Ob sich die Investition in Braunkohle Steinkohle, Torf, Erdgas oder Erdöl bald noch lohnt, sorgt gerade für DiskussionsstoffBild: picture-alliance/dpa

Es begann mit einem Brief des Gouverneurs der Bank of England, Mark Carney, den er Ende Oktober 2014 an die britischen Parlamentsabgeordneten richtete. Genauer: an den Umweltprüfungsausschuss. Darin beschrieb er das Szenario eine internen Debatte der Banker darüber, dass Kohle-, Öl- und Gasreserven der fossilen Brennstoffindustrie - im wahrsten Sinne - in Zukunft nicht mehr verfeuerbar seien.

Und diese Sorge kommt nicht von ungefähr, denn die Verbrennung fossiler Energieträger pustet Unmengen klimaschädlicher Treibhausgase in die Atmosphäre. Carneys Gedankengang: Wenn die globale Erwärmung bewältigt werden soll - und damit Klimakatastrophen abgewendet - müssten solche Energiereserven schlichtweg dort bleiben, wo sie sind - unter der Erde. Sie wären dann quasi eingefrorene Finanzanlagen, von denen ihre Anleger allerdings nichts mehr hätten.

Verwundbares Vermögen

"Vor dem Hintergrund dieser Diskussion werden wir unsere Untersuchung vertiefen", schreibt Carney weiter. Eine Spezialeinheit der Bank of England, die sich mit der Risikoidentifizierung und -reduzierung im Finanzsektor beschäftigt, nimmt sich dieser Prognose nun an.

Auch Joan Walley, Mitglied des Prüfungsausschusses beim britischen Parlament, sagte gegenüber der Londoner Financial Times, dass Investoren sehr gut prüfen sollten, welche Auswirkungen zukünftige Abkommen gegen den Klimawandel auf ihre fossilen Anlagen haben könnten.

"Den politischen Entscheidungsträgern und Zentralbanken wird nun bewusst, dass ein Großteil der weltweiten Öl-, Kohle- und Gasreserven in der Erde bleiben muss, wenn CCS-Technologien nicht schneller entwickelt werden", sagte Walley.
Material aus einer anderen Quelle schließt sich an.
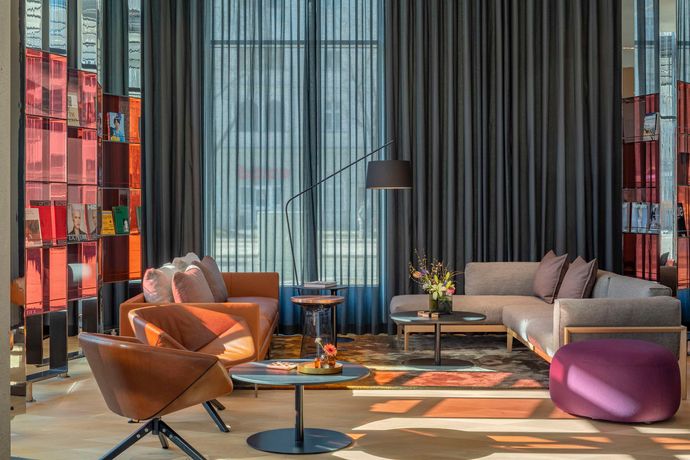 Andaz Munich Schwabinger Tor - a concept by Hyatt - 41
Gleichwohl ist diese Abscheidung und Einlagerung von Kohlendioxid im Boden eine umstrittene Alternative.

Infografik CO2-Abscheidung und Ablagerung (Grafik: DW).

Den fossilen Energieträgern gehen allmählich die großen Investoren aus - ein Trend, der gerade auf dem Vormarsch ist: Denn globale Finanzgiganten zögern mit weiteren Einlagen. "Der Klimawandel bedroht Vermögen", sagte Georg Kell, Direktor von UN Global Compact, erst vor kurzem im DW-Interview. Zum ersten Mal würden Investoren begreifen, dass die Wertentwicklung ihrer Anlagen bedroht ist. Ein anderes Beispiel ist der deutsche Energiekonzern Eon, der sich entschloss, in Zukunft ausschließlich auf erneuerbare Energien zu setzen.

Carbon Tracker, eine von Finanzanalysten gegründete Londoner Nichtregierungsorganisation, sieht den Schritt der Bank of England - das Öffentlichmachen der Risiken - als wichtigen Maßstab für alle Banken und Finanzbehörden. Dies könne zu einem wichtigen Umdenken führen, so die NGO.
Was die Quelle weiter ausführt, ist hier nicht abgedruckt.